In Shakespeare's play, there's no mention of a fairy or "stock" having been left in the changeling boy's place when he was abducted, though that is certainly possible.

D. L. Ashliman wrote a fascinating essay on changelings that elaborates on the practical benefits of this folk belief:

"Changeling folklore not only explained why some children fail to grow and develop normally and helped to justify the extreme actions that may have been taken (whether in fact or only in fantasy) to free the parents or society from the burden of caring for handicapped children, it also provided protective measures against demonic exchange.
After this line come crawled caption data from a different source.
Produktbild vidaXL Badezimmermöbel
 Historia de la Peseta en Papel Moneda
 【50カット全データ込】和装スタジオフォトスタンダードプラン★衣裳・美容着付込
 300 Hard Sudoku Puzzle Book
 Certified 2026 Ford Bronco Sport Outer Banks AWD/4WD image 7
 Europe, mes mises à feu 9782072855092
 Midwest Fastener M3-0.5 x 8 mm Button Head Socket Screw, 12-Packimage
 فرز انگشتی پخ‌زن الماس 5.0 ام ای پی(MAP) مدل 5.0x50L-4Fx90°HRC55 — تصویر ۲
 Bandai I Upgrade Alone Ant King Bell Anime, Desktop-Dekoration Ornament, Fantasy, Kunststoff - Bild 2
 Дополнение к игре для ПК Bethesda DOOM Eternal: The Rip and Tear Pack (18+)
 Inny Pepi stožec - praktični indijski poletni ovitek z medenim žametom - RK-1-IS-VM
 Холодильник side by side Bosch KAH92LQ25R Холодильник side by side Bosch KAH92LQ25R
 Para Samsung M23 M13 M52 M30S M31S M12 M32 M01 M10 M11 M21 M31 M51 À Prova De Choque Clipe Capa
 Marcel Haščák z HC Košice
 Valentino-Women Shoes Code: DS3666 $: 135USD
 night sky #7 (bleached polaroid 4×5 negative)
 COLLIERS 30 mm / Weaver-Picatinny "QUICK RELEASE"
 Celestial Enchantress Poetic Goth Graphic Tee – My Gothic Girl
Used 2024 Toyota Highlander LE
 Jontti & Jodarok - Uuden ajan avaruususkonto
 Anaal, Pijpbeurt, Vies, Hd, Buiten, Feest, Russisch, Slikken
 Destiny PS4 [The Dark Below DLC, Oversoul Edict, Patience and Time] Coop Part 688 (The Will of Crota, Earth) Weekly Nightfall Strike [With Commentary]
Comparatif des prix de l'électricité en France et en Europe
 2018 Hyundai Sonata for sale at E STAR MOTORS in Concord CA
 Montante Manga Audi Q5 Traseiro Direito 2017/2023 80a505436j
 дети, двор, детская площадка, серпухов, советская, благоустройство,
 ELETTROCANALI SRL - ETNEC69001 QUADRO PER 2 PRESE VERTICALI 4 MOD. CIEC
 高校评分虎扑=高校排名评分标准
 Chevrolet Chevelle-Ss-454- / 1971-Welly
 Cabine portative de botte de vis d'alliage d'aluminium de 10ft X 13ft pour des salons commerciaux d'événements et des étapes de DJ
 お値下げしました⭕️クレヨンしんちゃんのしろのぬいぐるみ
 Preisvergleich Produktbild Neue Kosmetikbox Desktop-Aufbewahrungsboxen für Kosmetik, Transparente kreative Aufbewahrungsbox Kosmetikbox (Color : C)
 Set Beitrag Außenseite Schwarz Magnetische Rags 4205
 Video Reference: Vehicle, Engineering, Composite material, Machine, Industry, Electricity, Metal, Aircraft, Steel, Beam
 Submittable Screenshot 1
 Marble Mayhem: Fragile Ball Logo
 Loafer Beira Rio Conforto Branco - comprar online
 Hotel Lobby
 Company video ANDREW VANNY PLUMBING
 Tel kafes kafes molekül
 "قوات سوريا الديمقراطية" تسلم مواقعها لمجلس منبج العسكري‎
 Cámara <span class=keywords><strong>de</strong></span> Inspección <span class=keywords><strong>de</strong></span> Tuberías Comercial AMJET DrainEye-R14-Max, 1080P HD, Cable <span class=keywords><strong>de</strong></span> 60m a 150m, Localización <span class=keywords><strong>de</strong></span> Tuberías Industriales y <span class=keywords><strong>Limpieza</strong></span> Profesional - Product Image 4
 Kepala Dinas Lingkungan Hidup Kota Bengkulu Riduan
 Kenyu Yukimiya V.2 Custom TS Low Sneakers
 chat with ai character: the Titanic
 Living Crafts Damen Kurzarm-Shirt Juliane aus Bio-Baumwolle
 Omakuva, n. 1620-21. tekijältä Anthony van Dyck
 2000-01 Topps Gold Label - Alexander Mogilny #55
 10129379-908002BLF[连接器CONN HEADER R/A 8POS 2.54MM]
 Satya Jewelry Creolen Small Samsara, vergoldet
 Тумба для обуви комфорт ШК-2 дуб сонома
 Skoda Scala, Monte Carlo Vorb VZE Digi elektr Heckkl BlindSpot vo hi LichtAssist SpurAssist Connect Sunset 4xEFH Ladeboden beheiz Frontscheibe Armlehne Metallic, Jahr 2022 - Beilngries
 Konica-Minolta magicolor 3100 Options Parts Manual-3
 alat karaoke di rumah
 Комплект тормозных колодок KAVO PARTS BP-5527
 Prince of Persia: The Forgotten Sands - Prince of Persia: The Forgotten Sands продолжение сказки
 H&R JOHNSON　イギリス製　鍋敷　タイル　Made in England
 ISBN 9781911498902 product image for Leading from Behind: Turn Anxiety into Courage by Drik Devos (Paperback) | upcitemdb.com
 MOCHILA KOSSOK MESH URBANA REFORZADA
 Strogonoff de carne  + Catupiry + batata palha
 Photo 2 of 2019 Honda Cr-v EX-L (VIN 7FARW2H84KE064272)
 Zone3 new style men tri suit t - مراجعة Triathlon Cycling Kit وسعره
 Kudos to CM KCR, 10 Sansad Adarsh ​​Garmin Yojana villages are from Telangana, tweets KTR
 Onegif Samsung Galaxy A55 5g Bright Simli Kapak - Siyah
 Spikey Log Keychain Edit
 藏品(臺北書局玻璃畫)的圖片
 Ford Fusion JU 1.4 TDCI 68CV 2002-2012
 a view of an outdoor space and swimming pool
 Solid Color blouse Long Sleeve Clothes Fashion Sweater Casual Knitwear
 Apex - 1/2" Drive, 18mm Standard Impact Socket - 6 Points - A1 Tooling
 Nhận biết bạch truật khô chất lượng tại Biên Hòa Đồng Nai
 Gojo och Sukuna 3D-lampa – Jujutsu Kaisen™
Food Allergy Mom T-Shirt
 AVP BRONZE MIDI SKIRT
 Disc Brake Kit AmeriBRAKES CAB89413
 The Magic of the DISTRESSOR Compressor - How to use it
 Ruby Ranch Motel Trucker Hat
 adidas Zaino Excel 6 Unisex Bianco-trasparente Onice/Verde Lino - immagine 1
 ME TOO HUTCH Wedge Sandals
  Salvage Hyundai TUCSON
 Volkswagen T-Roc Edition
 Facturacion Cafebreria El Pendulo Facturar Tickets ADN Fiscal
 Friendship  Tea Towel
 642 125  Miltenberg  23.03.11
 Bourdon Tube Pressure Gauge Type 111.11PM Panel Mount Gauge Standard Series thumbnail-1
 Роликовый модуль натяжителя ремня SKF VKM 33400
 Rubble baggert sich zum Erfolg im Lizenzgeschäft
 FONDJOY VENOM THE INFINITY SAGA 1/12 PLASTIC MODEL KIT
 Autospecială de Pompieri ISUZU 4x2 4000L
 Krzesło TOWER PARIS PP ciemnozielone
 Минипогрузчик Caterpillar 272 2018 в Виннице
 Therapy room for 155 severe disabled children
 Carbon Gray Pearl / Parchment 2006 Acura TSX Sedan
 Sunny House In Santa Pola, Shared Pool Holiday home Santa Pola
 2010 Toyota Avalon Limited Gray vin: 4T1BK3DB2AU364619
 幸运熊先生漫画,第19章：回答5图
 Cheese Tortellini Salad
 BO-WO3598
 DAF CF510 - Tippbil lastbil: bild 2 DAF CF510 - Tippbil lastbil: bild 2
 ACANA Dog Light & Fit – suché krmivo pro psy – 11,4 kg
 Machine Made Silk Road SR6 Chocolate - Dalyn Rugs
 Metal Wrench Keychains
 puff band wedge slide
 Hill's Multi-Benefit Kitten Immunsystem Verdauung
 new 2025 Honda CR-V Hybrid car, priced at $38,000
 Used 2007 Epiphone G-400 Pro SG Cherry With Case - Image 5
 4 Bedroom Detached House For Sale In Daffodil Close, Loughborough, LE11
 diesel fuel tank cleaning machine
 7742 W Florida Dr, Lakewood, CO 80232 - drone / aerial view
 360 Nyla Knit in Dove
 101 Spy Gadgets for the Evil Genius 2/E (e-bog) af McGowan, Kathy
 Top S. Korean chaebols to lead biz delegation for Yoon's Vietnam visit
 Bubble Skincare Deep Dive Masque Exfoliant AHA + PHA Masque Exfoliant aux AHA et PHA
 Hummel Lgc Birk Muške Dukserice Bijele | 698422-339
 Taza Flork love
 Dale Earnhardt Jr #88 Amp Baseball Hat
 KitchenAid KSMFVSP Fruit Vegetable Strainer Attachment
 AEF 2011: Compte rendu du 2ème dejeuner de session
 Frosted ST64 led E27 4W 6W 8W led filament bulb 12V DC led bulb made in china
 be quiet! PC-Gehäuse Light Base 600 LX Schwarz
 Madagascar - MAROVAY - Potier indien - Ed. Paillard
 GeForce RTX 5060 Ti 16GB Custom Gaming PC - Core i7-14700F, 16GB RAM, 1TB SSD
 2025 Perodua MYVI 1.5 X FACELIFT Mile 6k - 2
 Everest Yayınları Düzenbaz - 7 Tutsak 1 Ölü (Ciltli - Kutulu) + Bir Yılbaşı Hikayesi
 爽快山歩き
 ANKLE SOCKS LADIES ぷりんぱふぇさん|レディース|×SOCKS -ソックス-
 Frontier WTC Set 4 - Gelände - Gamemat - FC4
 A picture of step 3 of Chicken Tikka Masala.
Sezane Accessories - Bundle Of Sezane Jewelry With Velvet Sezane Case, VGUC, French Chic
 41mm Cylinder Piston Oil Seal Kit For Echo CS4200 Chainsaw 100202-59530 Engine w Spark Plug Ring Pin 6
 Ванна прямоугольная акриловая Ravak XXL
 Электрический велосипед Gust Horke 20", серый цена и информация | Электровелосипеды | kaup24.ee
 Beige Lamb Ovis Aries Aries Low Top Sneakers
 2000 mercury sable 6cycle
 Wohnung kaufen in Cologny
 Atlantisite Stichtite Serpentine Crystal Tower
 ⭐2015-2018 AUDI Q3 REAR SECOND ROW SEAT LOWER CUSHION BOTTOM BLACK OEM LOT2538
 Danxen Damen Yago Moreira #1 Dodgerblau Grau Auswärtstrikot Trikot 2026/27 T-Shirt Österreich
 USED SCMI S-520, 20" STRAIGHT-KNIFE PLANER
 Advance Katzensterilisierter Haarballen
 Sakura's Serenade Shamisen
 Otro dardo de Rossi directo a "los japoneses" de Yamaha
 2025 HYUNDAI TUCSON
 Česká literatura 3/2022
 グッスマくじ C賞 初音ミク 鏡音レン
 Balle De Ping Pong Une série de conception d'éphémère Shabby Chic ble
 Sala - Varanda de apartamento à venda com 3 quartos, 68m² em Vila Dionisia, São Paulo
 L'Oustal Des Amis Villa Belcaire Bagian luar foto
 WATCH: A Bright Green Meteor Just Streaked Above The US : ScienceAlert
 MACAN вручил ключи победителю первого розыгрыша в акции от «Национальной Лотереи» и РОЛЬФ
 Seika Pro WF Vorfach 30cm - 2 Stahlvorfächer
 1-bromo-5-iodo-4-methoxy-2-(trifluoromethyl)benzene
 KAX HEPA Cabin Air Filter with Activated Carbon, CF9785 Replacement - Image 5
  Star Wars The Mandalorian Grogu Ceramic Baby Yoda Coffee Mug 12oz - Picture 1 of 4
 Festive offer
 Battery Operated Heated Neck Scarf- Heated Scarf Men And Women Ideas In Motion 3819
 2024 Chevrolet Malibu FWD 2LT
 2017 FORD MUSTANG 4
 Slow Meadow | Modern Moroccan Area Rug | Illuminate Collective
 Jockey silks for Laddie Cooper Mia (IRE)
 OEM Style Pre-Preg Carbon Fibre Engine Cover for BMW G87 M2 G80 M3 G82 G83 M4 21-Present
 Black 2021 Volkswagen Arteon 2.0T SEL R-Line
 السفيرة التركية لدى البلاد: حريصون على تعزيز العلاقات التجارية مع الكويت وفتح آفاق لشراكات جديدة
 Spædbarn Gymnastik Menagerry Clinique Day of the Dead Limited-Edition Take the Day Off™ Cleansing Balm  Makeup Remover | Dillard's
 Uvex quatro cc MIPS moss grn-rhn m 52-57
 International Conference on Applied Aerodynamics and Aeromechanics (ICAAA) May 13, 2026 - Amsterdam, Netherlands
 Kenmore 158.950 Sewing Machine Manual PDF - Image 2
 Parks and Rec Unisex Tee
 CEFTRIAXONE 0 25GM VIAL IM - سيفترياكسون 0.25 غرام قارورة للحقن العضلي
"The most frequently mentioned preventative practice, and one that undoubtedly evolved because of its positive consequences, was the insistence that the newborn infant be watched very carefully until certain danger periods had passed. 'Women who have recently been delivered may not go to sleep until someone is watching over the child. Mothers who are overcome by sleep often have changelings laid in their cradles,' recorded Jacob Grimm in his German Mythology.... The fact that the mother (or her substitute) was expected to keep the baby close at hand for at least six weeks helped to protect it from environmental dangers, aided the child's psychological development, and contributed significantly to family cohesiveness.

"An added benefit of the six weeks of close watching was the relief thus granted to the mother from some of her most strenuous duties, thus aiding her recovery from pregnancy and delivery."

On the downside, Carole G. Silver's Strange and Secret Peoples "cites a sickeningly long list of crimes related to claims that the victim was believed to be a changeling." Ostensibly, the fairies will not want one of their kind to suffer, and will replace the changeling with the original. Whether fairies ever actually saved a "changeling" child left out in the woods, or held on a shovel over a fire, has not been scientifically verified.

Another, unrelated, crime the changeling story evokes is the modern phenomenon of adoption of international "orphans" who turn out to have parents after all. The Schuster Institute for Investigative Journalism at Brandeis University hosts a website on serious irregularities in international adoption ("The Lie We Love", "The Baby Business"), with pages on specific countries such as India.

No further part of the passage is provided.